**What to work on:**
Unless it is a picture, every line from the start of the entries through the line with "Then clean the" must be retyped exactly.

Saved data entries
□ □ □

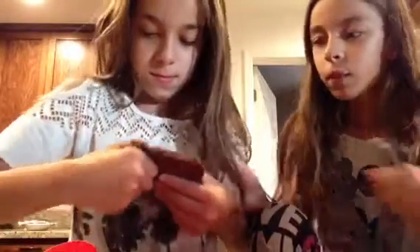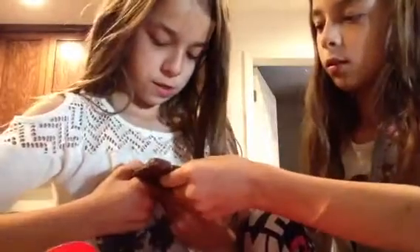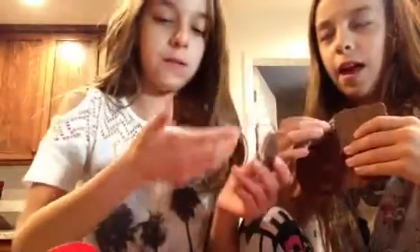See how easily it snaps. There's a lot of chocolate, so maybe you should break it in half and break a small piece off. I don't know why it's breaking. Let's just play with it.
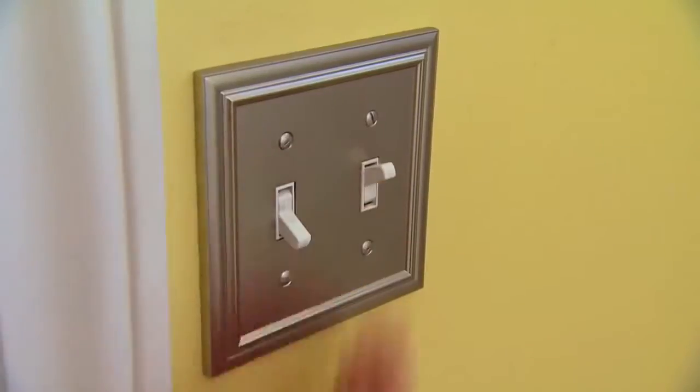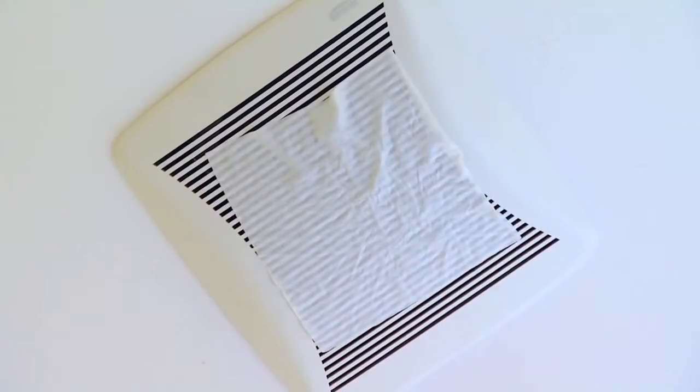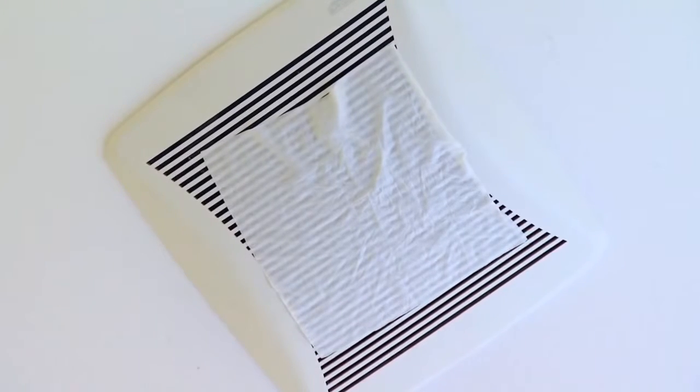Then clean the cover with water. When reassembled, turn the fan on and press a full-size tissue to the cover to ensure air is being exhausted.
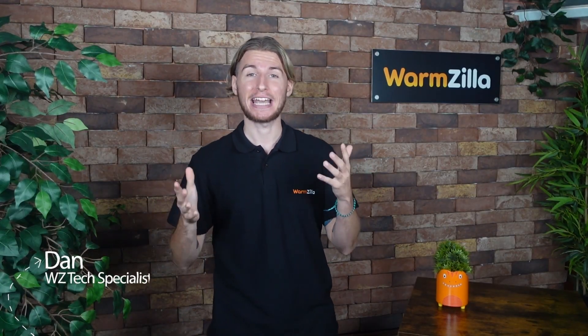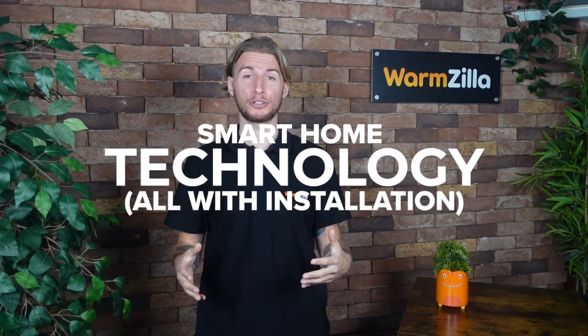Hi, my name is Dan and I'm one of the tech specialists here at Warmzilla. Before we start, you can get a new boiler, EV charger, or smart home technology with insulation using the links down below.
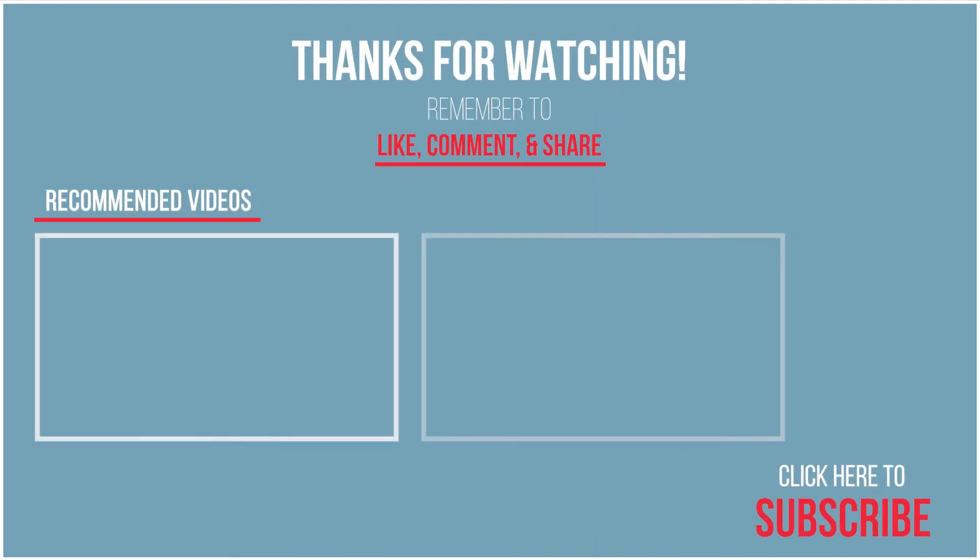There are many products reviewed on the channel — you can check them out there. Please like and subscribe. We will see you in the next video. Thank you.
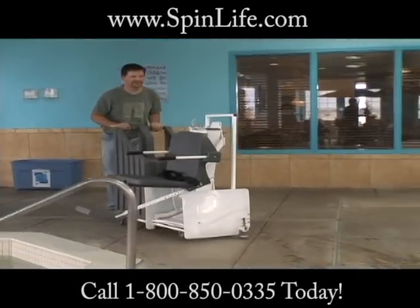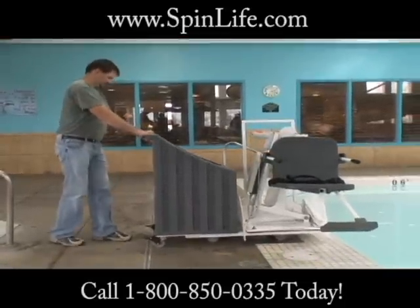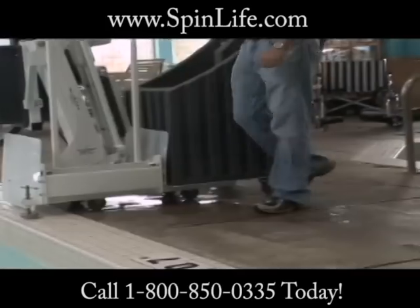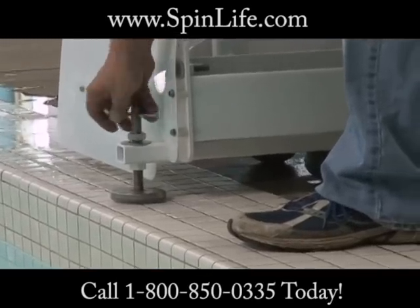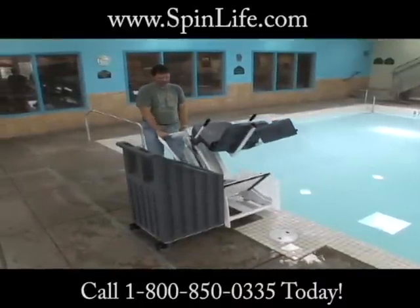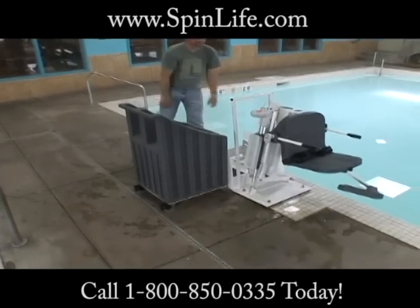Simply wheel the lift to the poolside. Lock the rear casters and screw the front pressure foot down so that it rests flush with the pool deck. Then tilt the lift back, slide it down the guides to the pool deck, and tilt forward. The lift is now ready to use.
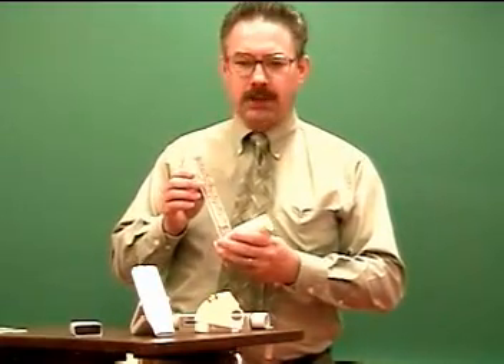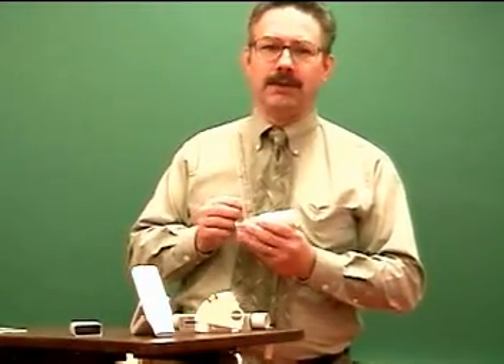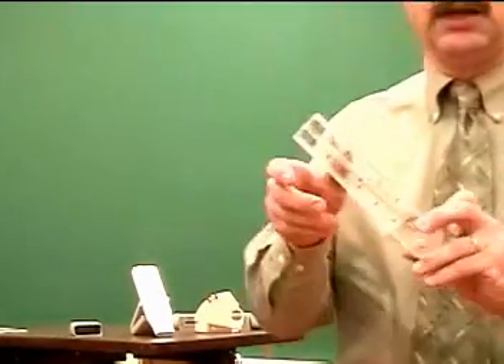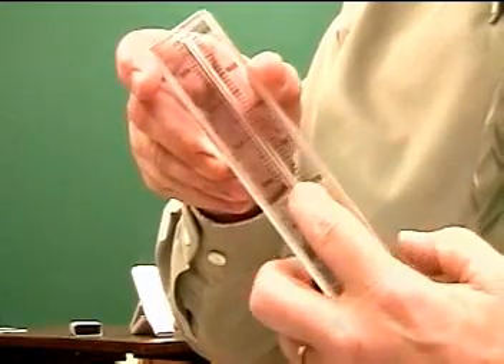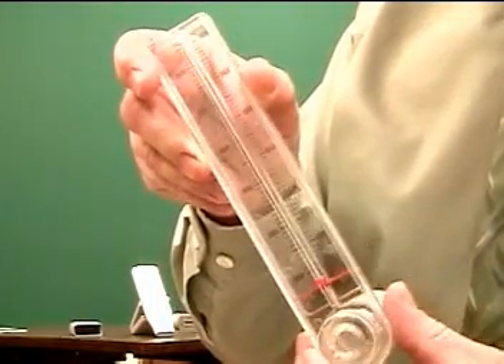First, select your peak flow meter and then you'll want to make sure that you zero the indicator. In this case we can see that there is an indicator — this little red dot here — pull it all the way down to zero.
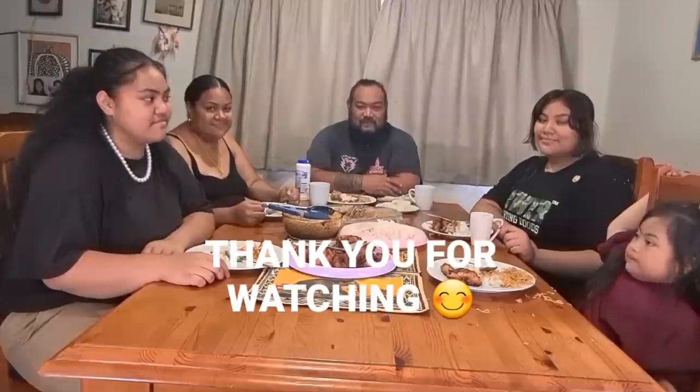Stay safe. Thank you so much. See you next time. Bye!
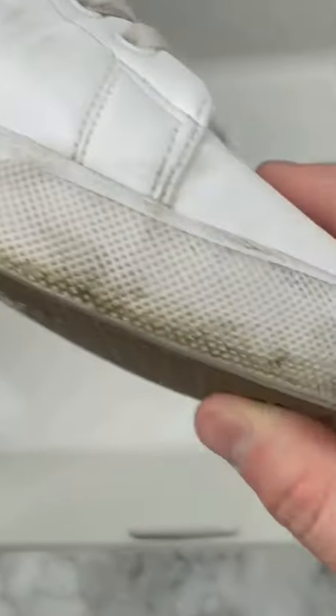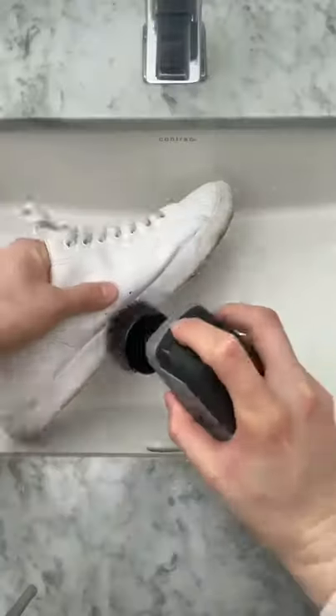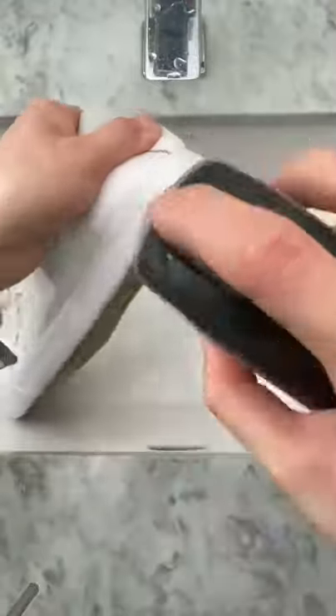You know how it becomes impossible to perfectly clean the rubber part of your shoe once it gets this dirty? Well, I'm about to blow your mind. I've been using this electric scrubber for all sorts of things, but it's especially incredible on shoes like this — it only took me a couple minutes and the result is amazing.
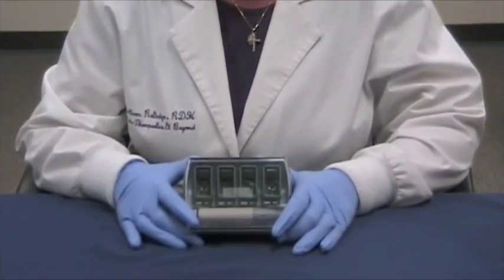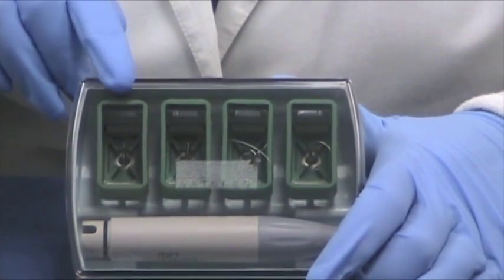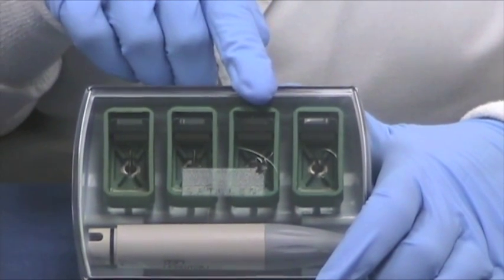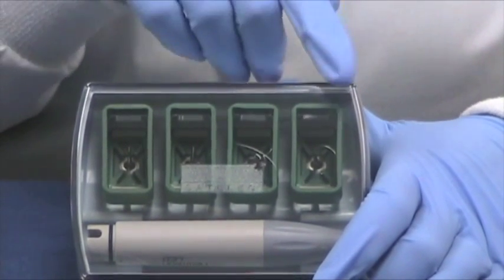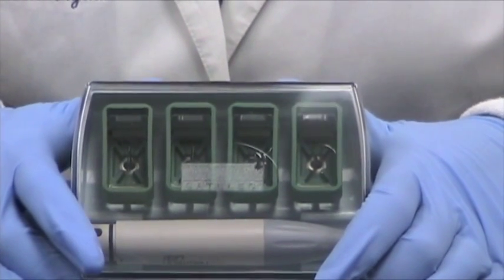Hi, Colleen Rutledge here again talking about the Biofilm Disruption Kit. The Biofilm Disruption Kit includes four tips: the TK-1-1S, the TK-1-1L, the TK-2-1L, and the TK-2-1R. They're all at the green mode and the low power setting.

□ □ □

**Solution to this exercise:**
See how easily it snaps. There's a lot of chocolate, so maybe you should break it in half and break a small piece off. I don't know why it's breaking. Let's just play with it.
Then clean the cover with water. When reassembled, turn the fan on and press a full-size tissue to the cover to ensure air is being exhausted.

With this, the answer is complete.